**What to produce:** Pictures aside, the data must be reproduced exactly.

**Data shown:**
BEGIN
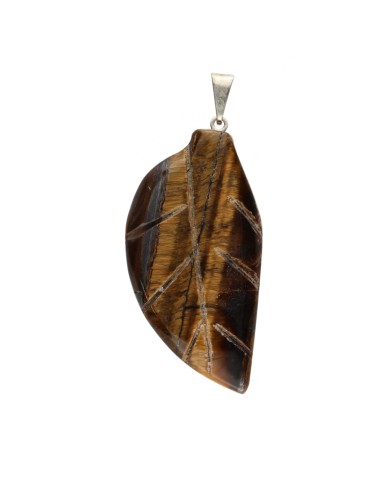 Pendentif feuille d'oeil de tigre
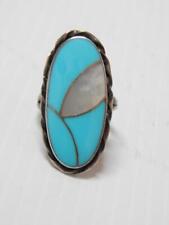 VINTAGE ZUNI STERLING SILVER TURQUOISE WHITE SHELL INLAY RING sz: 6 3/4 +/- picture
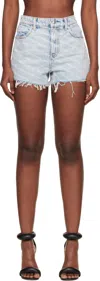 Alexander Wang Bite High Waisted Denim Shorts In Blue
END
**Result:**
 Pendentif feuille d'oeil de tigre
 VINTAGE ZUNI STERLING SILVER TURQUOISE WHITE SHELL INLAY RING sz: 6 3/4 +/- picture
 Alexander Wang Bite High Waisted Denim Shorts In Blue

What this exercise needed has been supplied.